Losing a backcourt the caliber of the Simmonses would be a cause for concern at any program across the country, but very few coaches have the eye for talent and player development skills Bozzella has, a skill set that landed him both Florida State graduate transfer Shakena Richardson, as well as Aleesha Powell. The point guard during his last two seasons at Iona, where Powell played alongside the likes of Joy Adams and Damika Martinez; the latter of whom departed New Rochelle as the all-time leading scorer in Metro Atlantic Athletic Conference history, brings an innate knowledge of Bozzella's system and expectations with her to South Orange, factors that will no doubt ease the transition among the guards.

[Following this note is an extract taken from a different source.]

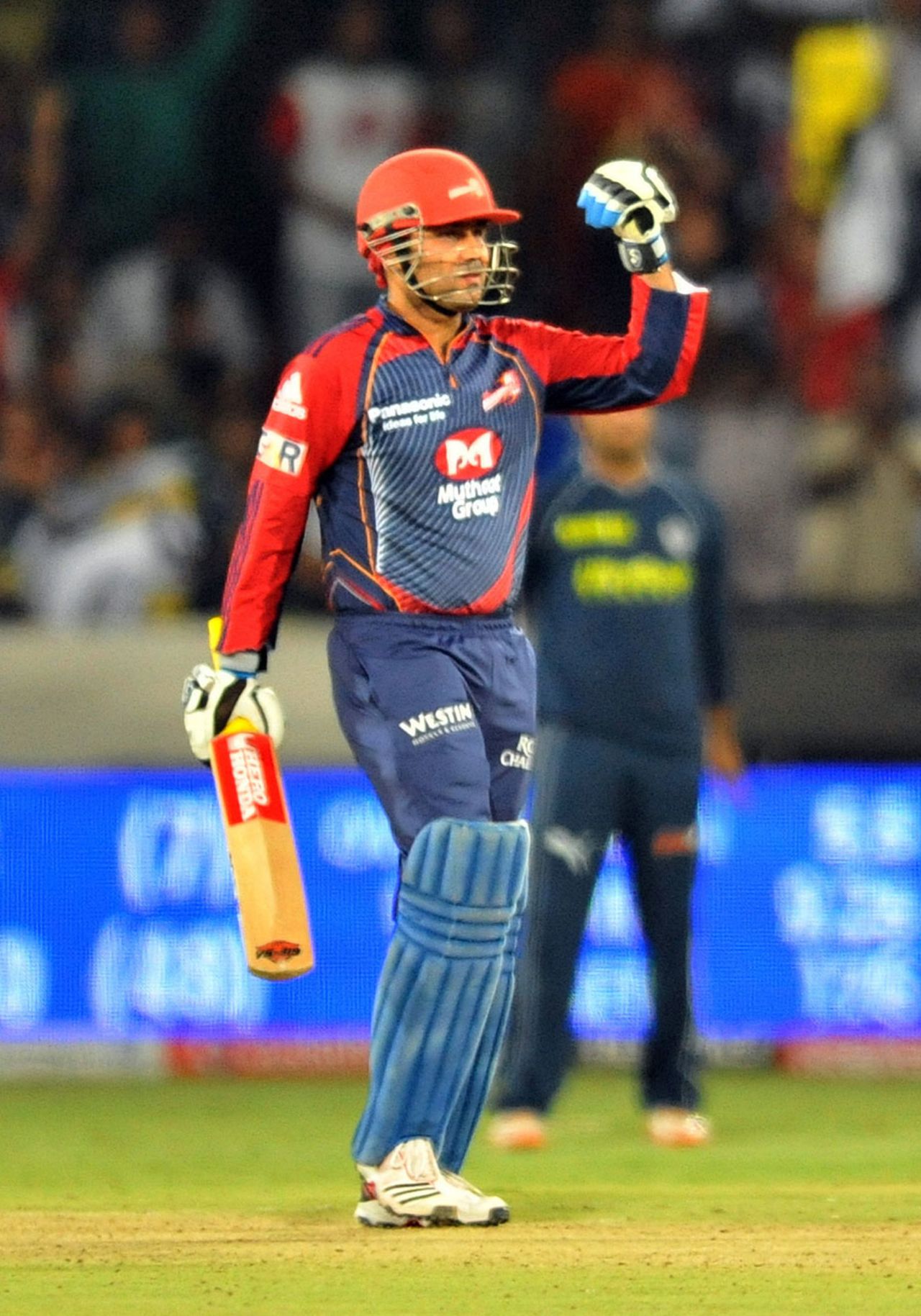 Virender Sehwag celebrates his 48-ball ton, Deccan Chargers v Delhi Daredevils, IPL 2011, Hyderabad, May 5, 2011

"People don't understand, people that have not watched her play, how good a basketball player she is and how great a competitor," the coach said of his returning floor general. "She's a warrior out there, knows the system, has gotten a lot better playing against Didi and Daisha last year in her sit-out year. I'm telling you, she's an all-conference caliber player in this league, no doubt."
Of Richardson, who began her career at Seton Hall's bitter in-state rival, Rutgers, before joining the Seminoles, Bozzella praised her for being "so talented, and such a great person and leader. We're blessed to have her. She's not Didi, she's not Daisha, she's Kena, and Kena's going to be really good."
"She's a tough kid," he continued. "She's physical, and she's a tremendous passer. She won't score as well as Daisha and Didi probably, but she's passing the ball at a higher level than they did. She's a really vocal, outward leader. This team needed that very much, more than anything."
While Powell and Richardson split the backcourt duties, the beat goes on for the Pirates on the wing, where Tabatha Richardson-Smith, the latest example of how Bozzella and his staff develop their talent, enters her senior season as the face of the program.
"Tab can be Player of the Year," Bozzella declared. "She's got all the ability. She's got toughness, she loves to play, she's defending better, rebounding better, taking the ball to the basket as well as I could have hoped for. She's got to maintain the understanding that she's going to be guarded by the other team's best player, they're going to be physical with her, they're going to try to take her out of her game. She's got to stay mature, stay calm, and if she does that, the sky's the limit."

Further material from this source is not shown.